Calls to python API without GIL causing crash

2 views
Skip to first unread message

Sam Partington

unread,
Mar 7, 2012, 6:44:17 AM3/7/12
to wxpyth...@googlegroups.com
Hello there,

For almost a month we've been trying to track down a GPF in our
application which was impossible to reproduce on demand, only
presented itself in release builds and when in py2XXX binary form, and
only on multi-core systems.

We have eventually tracked it down to this code in
http://svn.wxwidgets.org/svn/wx/wxPython/trunk/include/wx/wxPython/pytree.h

In particular :
void SetData(PyObject* obj) {
wxPyBlock_t blocked = wxPyBeginBlockThreads();
Py_DECREF(m_obj);
wxPyEndBlockThreads(blocked);
m_obj = obj;
Py_INCREF(obj);
}

Py_INCREF is being called without the GIL. The odd thing is that this
seems to be deliberate, in SetData for example the GIL is explicitly
released after the DECREF. The other Py_INCREF calls also don't
acquire the GIL.

We've added Begin/EndBlockThreads calls around the INCREF calls and
we've now been running our application for 3 days without a crash
(crashes would normally occur in a few hours).

As a result of this we are now reviewing the whole of wxPython for all
calls to Py_INCREF that are taking place without the GIL, and we'll
submit patches upstream at this point. We've already found several
places. After this we'll be reviewing all Python API calls in
wxPython. This will take a while obviously :-)
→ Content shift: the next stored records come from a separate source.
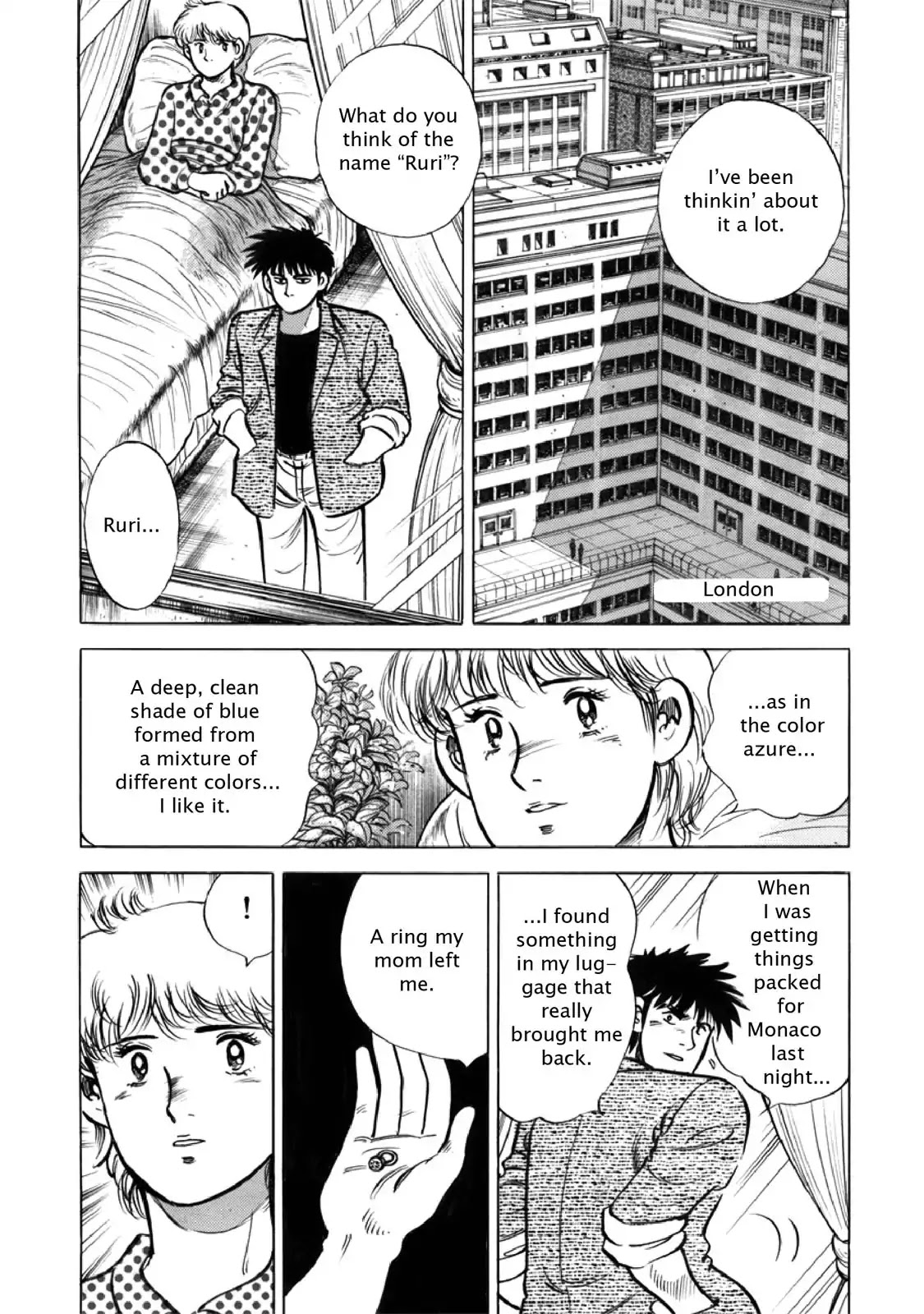 F (Noboru Rokuda) Chapter 27.12 page 8 - Vol.27 Chapter 12: Colorful Town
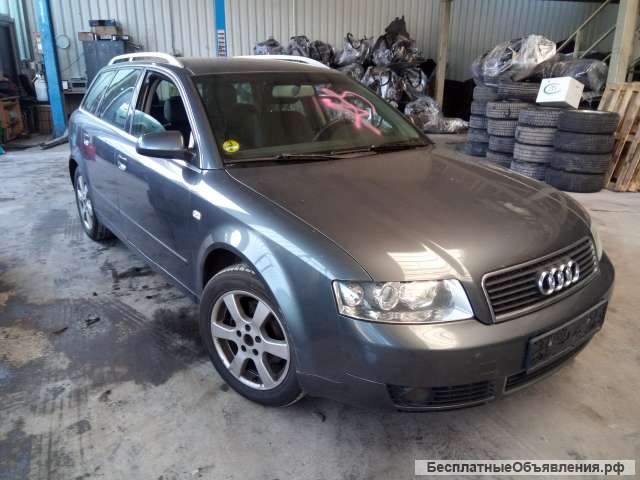 Ауди А4 б6 кузов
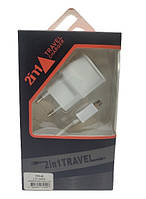 Мережевий зарядний пристрій із кабелем micro-USB 2 in 1 Travel Charger DC5V/2A Білий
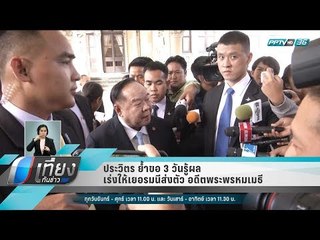 "ประวิตร" ย้ำขอ 3 วันรู้ผล เร่งให้เยอรมนีส่งตัว "อดีตพระพรหมเมธี" - เที่ยงทันข่าว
Does anyone know why this was done this way? Is there some reason why
it was thought that it was atomic? It is defined thus :

#define Py_INCREF(op) ( \
_Py_INC_REFTOTAL _Py_REF_DEBUG_COMMA \
((PyObject*)(op))->ob_refcnt++)


Which is most definitely not atomic.

Another thing that occurs to me whilst reviewing the code is that the
whole system in wxPython is dreadfully error prone. Our own extension
handles this by having all Python API calls in a single module rather
than littered over the code base.

After this experience we also intend to enforce correctness in our
extension by passing in a handle to something roughly equivalent to
your 'wxPyBlock_t' type. Would there be interest in having something
like this in wx? In Phoenix perhaps, though I've not yet looked at
the phoenix code at all.

Sam

Robin Dunn

unread,
Mar 7, 2012, 5:29:20 PM3/7/12
to wxpyth...@googlegroups.com
On 3/7/12 3:44 AM, Sam Partington wrote:
[...]

>
> Does anyone know why this was done this way? Is there some reason why
> it was thought that it was atomic? It is defined thus :
>
> #define Py_INCREF(op) ( \
> _Py_INC_REFTOTAL _Py_REF_DEBUG_COMMA \
> ((PyObject*)(op))->ob_refcnt++)
>
>
> Which is most definitely not atomic.

I can't say for sure since it has been so long, but I seem to recall
reading something about the GIL only needing to be held when actual
Python byte-code is being (or could be) executed, so I was probably
using that as the basis of that coding decision. Since a Py_DECREF can
potentially cause a Python __del__ method to be called then they are all
protected by the GIL, but since Py_INCREF only executes a bit of C code
which should never directly result in Python code being executed then I
didn't. At least that's my guess at this point in time, it has been a
*very* long time since then.

I'm looking forward to your patches.

--
Robin Dunn
Software Craftsman
http://wxPython.org

Sam Partington

unread,
Mar 8, 2012, 5:04:40 AM3/8/12
to wxpyth...@googlegroups.com

It seems that's not an uncommon misconception looking around the net,
but the docs, now at least, are quite clear, explicitly mentioning
incrementing ref counts:

http://www.python.org/doc//current/c-api/init.html#thread-state-and-the-global-interpreter-lock

"""
The Python interpreter is not fully thread safe. In order to support
multi-threaded Python programs, there’s a global lock, called the
global interpreter lock or GIL, that must be held by the current
thread before it can safely access Python objects. Without the lock,
even the simplest operations could cause problems in a multi-threaded
program: for example, when two threads simultaneously increment the
reference count of the same object, the reference count could end up
being incremented only once instead of twice.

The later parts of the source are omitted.